**What to produce**
A letter-for-letter copy of the listing is required, with no pictures in it.

**Source material**
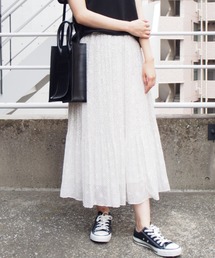 INTERPLANET | シフォンスタープリントスカート(スカート)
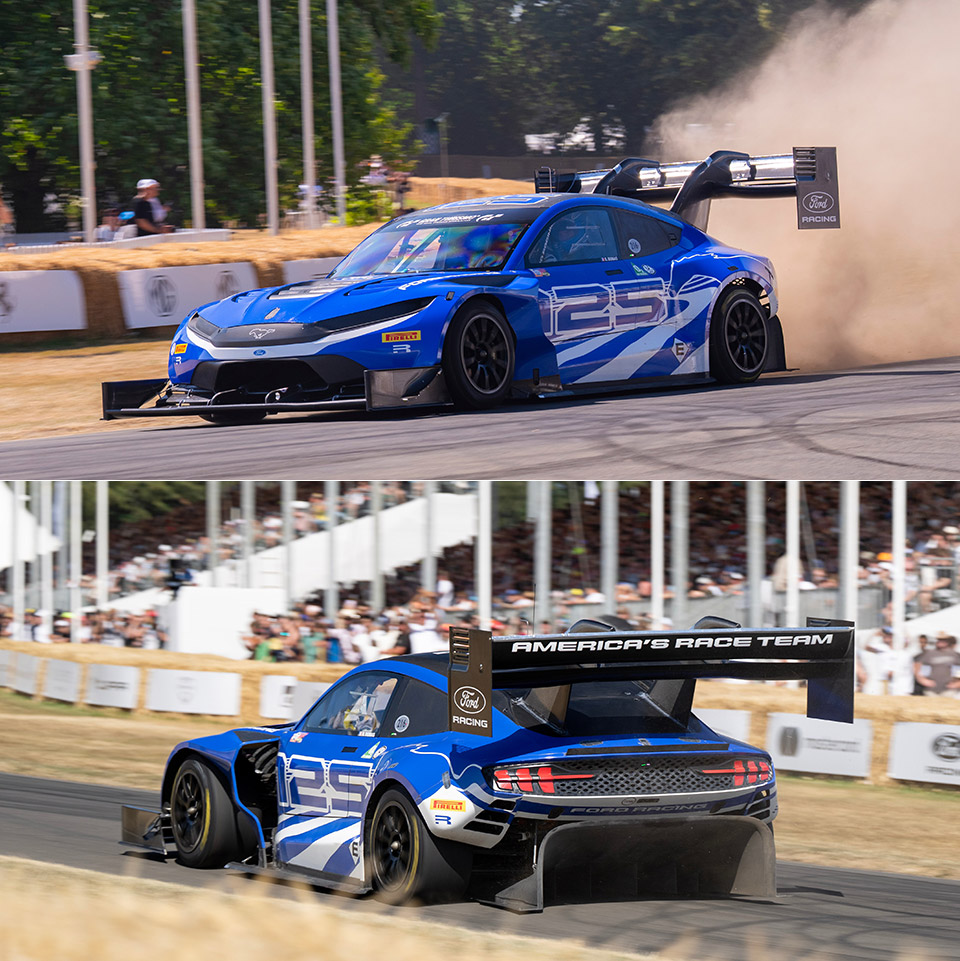 Ford Super Mustang Mach-E 2026 Goodwood Shootout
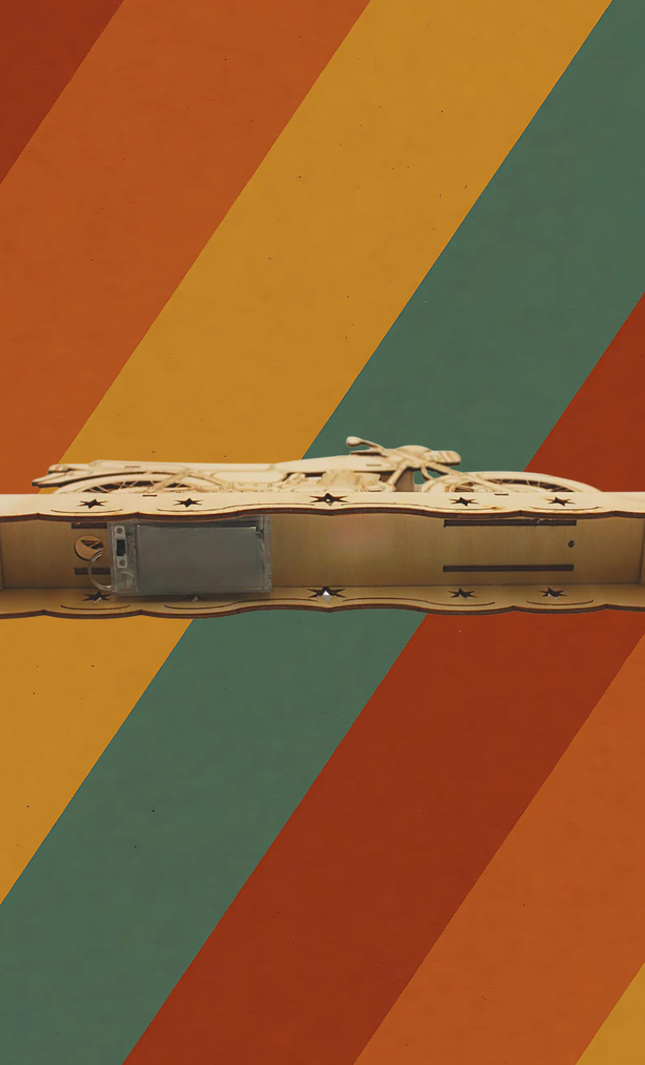 Ostalgie Schwibbogen MZ ETZ 250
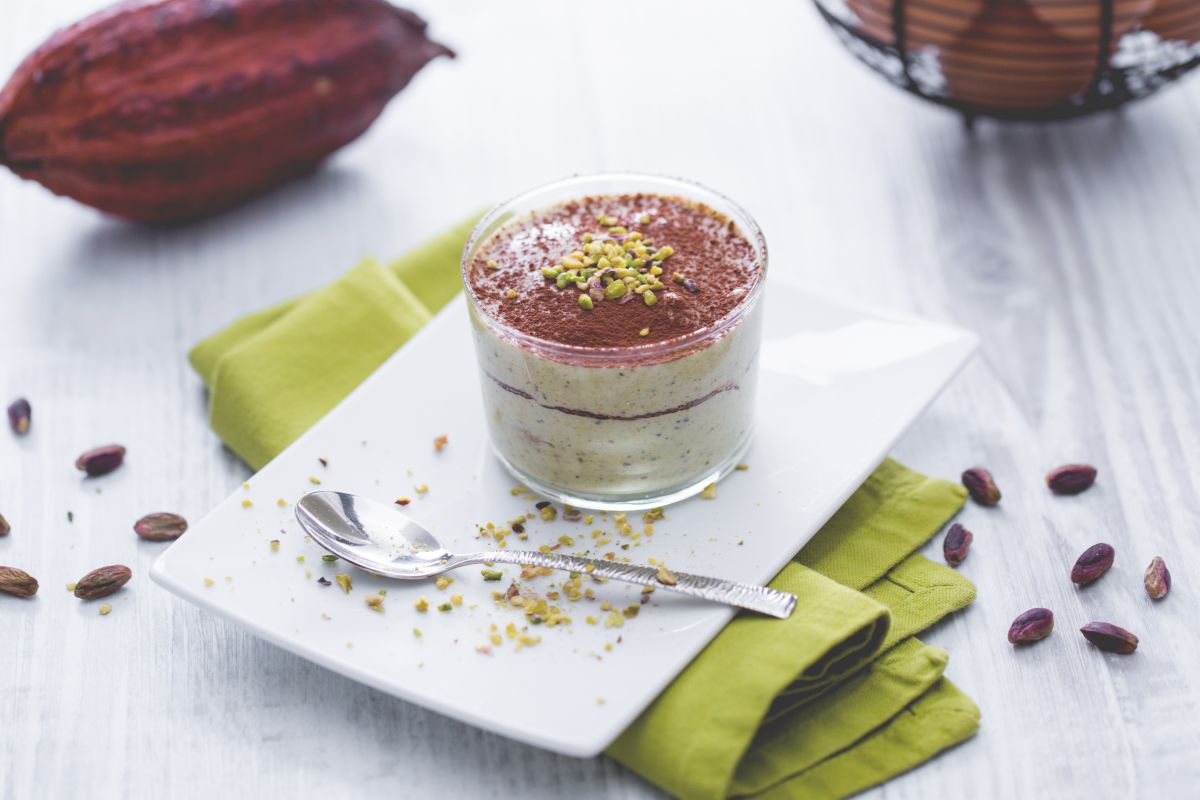 Tiramisù de pistache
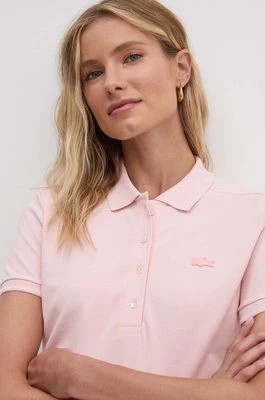 Zdjęcie produktu Lacoste T-shirt PF5462 damski kolor różowy z kołnierzykiem PF5462-001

**Completed task**
 INTERPLANET | シフォンスタープリントスカート(スカート)
 Ford Super Mustang Mach-E 2026 Goodwood Shootout
 Ostalgie Schwibbogen MZ ETZ 250
 Tiramisù de pistache
 Zdjęcie produktu Lacoste T-shirt PF5462 damski kolor różowy z kołnierzykiem PF5462-001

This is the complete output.